The French secret service frogman who attached the mines which sank the Greenpeace flagship the Rainbow Warrior in New Zealand 30 years ago apologized for his actions in an interview yesterday with investigative Web site Mediapart.
Jean-Luc Kister, whose face was not covered in the hour-long video interview, said he believed it was now the right time to say sorry to the family of Portuguese photographer Fernando Pereira, who was killed in the explosion, to Greenpeace and to the people of New Zealand.
“Thirty years after the event, now that emotions have subsided and also with the distance I now have from my professional life, I thought it was the right time for me to express both my deepest regret and my apologies,” Kister said.
On July 10, 1985, the Rainbow Warrior was docked in Auckland on its way to protest against French nuclear testing at Mururoa Atoll, about 1,200km southeast of Tahiti.
Kister was working for France’s spy agency, the DGSE, which carried out an unprecedented mission to stop Greenpeace by bombing a peaceful protest ship without warning in the waters of a friendly nation.
He was part of the so-called “third team,” whose mission was to attach two large limpet mines to the hull of the converted trawler, working with fellow frogman Jean Camas.
A third member of the team, Gerard Royal, a brother of French Minister of Ecology, Sustainable Development and Energy and former presidential candidate Segolene Royal, picked up the two men in a dinghy after the covert operation.
“I have the blood of an innocent man on my conscience, and that weighs on me,” a visibly emotional Kister said in the interview.
“We are not cold-blooded killers. My conscience led me to apologize and explain myself,” he said.
He said the mission that the 12-strong unit were ordered to carry out by former French Minister of Defence Charles Hernu was “disproportionate” and he claimed that other less drastic ways of damaging the ship, such as breaking the propeller shaft to prevent it from taking to sea, were rejected by the government.

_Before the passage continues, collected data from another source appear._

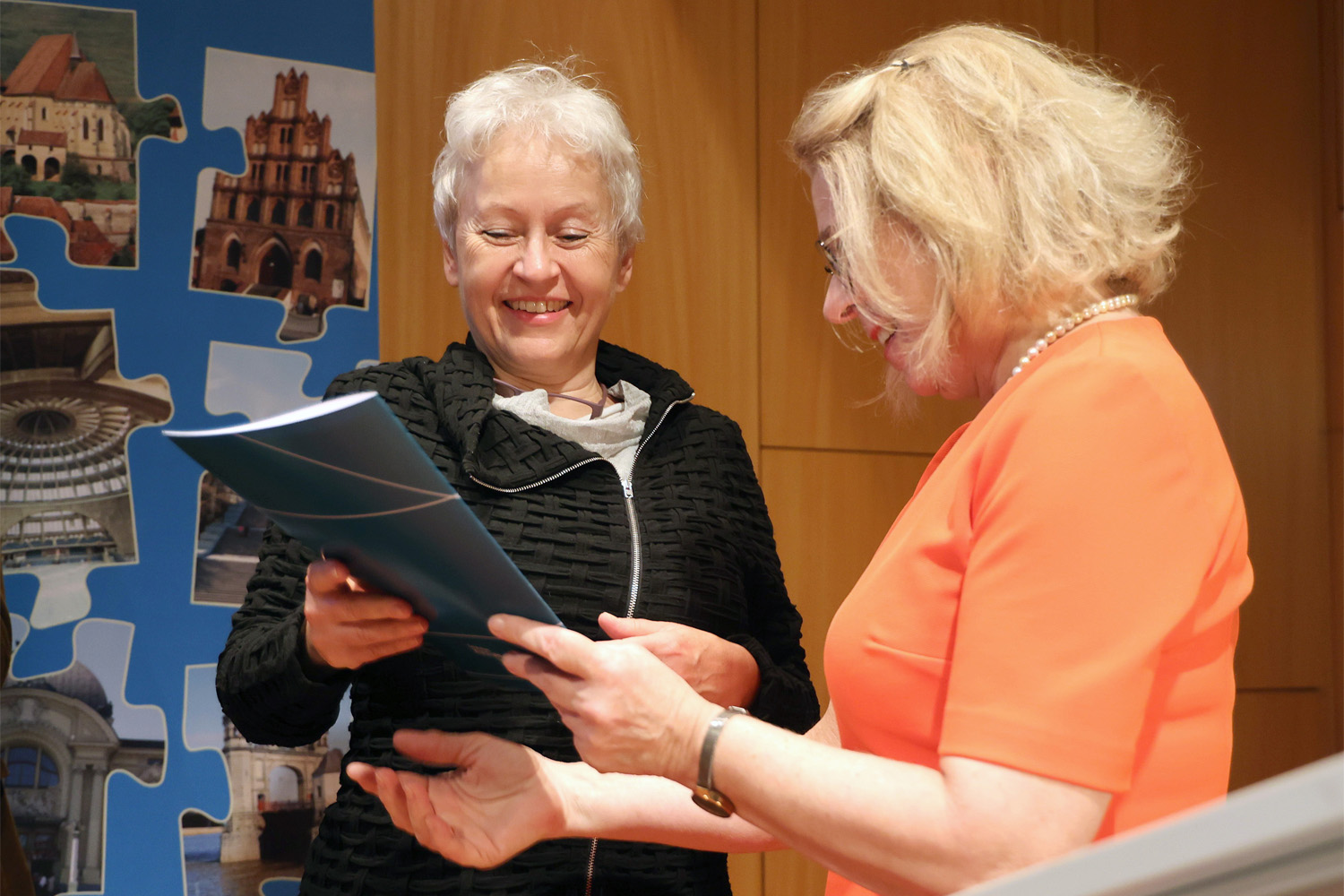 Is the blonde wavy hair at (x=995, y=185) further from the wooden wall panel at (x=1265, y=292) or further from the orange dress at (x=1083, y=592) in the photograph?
the wooden wall panel at (x=1265, y=292)

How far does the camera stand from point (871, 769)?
2.77 ft

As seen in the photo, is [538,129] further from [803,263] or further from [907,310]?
[803,263]

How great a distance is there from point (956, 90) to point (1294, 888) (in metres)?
0.76

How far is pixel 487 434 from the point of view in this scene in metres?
1.50

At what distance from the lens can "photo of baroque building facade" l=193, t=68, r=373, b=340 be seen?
224cm

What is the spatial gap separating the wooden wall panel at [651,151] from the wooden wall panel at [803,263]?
0.19ft

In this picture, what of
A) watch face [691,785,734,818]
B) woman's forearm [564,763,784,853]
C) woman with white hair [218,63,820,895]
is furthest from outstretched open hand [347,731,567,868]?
watch face [691,785,734,818]

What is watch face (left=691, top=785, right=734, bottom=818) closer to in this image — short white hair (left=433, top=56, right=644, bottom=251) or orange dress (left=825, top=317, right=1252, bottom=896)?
orange dress (left=825, top=317, right=1252, bottom=896)

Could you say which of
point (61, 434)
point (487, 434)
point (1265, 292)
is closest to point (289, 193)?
point (61, 434)

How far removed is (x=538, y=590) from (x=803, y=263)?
1752 mm

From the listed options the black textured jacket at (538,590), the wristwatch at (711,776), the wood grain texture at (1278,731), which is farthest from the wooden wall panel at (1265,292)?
the wristwatch at (711,776)

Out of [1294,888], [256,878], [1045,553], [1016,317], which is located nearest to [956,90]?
[1016,317]

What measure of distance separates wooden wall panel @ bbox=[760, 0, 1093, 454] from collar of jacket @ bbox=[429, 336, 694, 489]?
136 centimetres

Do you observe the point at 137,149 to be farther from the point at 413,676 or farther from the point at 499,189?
the point at 413,676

“There was a willingness at a high level to say: This has to end once and for all, we need to take radical measures. We were told we had to sink it. Well, it’s simple to sink a boat, you have to put a hole in it,” Kister said.
Kister’s name was leaked to the media soon after the bombing, albeit with a spelling mistake as Kyster. He said he considered his unmasking to be an act of “high treason.”
“I’m not angry at the journalists, it’s the political powers I blame. If it had been in the US, other heads would have rolled,” he said.
Two days after the bombing, two of the agents who took part — Alain Mafart and Dominique Prieur, who had posed as a couple of Swiss tourists — were arrested by New Zealand police and their identities revealed. Hernu was forced to resign two months later.
Mafart and Prieur were charged with murder, eventually pleading guilty to manslaughter and receiving 10-year jail terms, but they were freed within months under a deal that sparked almost as much anger in New Zealand as the bombing, involving France threatening to block trade access to European markets unless Wellington handed over the agents.
France has since made an official apology for the bombing of the Rainbow Warrior and paid damages. In 1996 it halted the nuclear testing that had prompted the Greenpeace protest.
The interview was carried out by French journalist and Mediapart founder Edwy Plenel, who in September 1985 revealed in a Le Monde newspaper report the involvement of the DGSE frogman in planting the explosives.
Plenel says one aspect of the infamous bombing remains unexplained to this day — how much then-French president Francois Mitterrand knew about the operation.
Although Mitterrand was aware that it was going to take place, “at which point did he know the operation was going to be so violent?” Plenel asked.